The star of food blogs and staple of Instagrammable breakfasts, the avocado has shot to celebrity status in recent years. Prized for its soft, rich flesh and vibrant green colouration, we get through a lot of them. In 2015 in America alone, over 4.5 billion individual avocados were bought and sold - more than double the number from 2005. The size and scale of this industry should not be underestimated.
Our modern avocado obsession comes at a cost. The fruit only thrives in very specific environmental conditions and requires hot, humid weather coupled with nutrient-rich soil. In wealthy northern economies - where there is greatest demand - such conditions are few and far between. However, the avo hungry middle classes and millennial food photographers still need to get their fix from somewhere. Hence around 85 per cent of the avocados purchased in America are imported, the vast majority of which come from Mexico.
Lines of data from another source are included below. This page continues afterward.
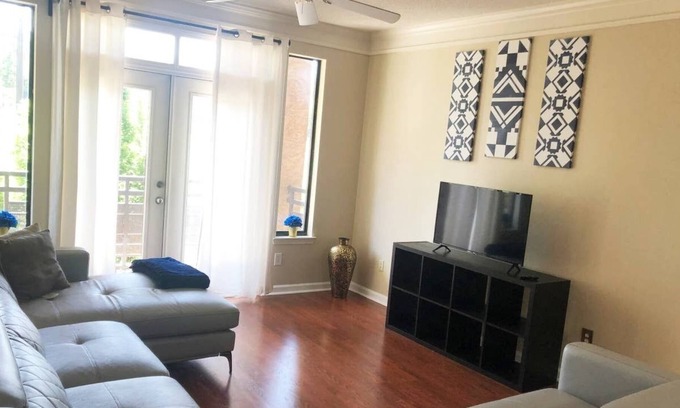 Atlantic Station Area Condo | Bright Midtown Condo Minutes from Everything Downtown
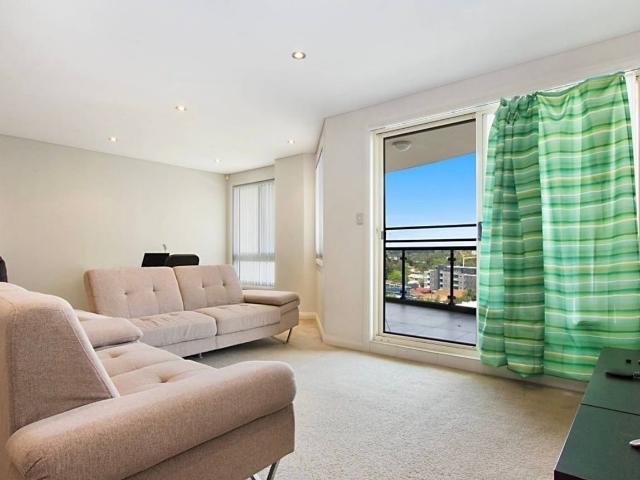 Two Bedroom Apartment In Prime Position!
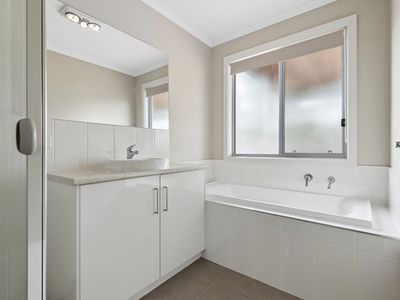 53 Seaview Avenue, Wirrina Cove
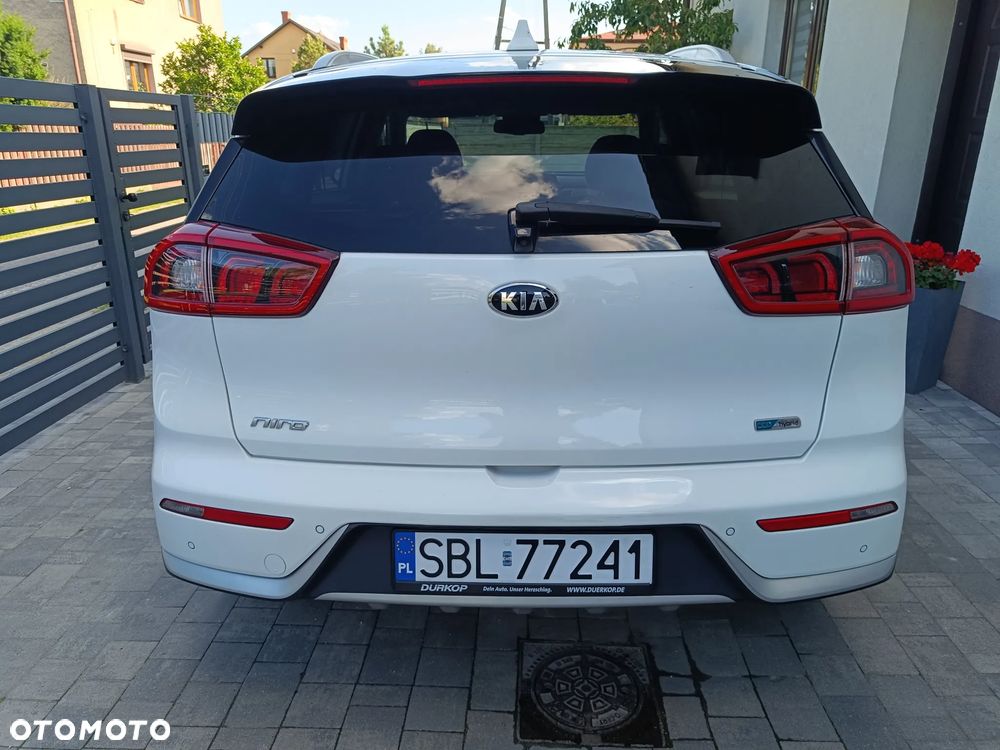 Kia Niro 1.6 GDI Hybrid L Business Line - 7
The level of interest, both in America and around the world, has seen the Latin American country develop into the world’s single biggest producer of avocados. Nearly half of all avocados consumed in the US come from Mexico, totalling nearly two billion in 2016. The industry’s value to the country’s economy cannot be overstated. Estimates suggest that the US/Mexico market alone is worth $1.7bn, on top of the trade Mexico enjoys with the rest of the world. In the farming state of Michoacan - which produces half of all avocados consumed globally - it’s estimated that 9 out of every 10 pesos come from the fruit. Unfortunately, in a nation that has for many years been defined by another, far more shadowy business, these sorts of numbers have ended up attracting the wrong sort of attention.
Mexico’s drug cartels are notorious for their power and brutality. Many states, including Michoacan, continue to be ravaged by continuing conflict with the cartels of the cocaine trade. For decades now, the passage of drugs from Latin and South America has been an established black market industry worth billions of dollars each year. In a nation that enjoyed little other trade with America, drugs were the only obvious way for the cartels to make money. However, as the avocado industry has grown, other possibilities have opened up.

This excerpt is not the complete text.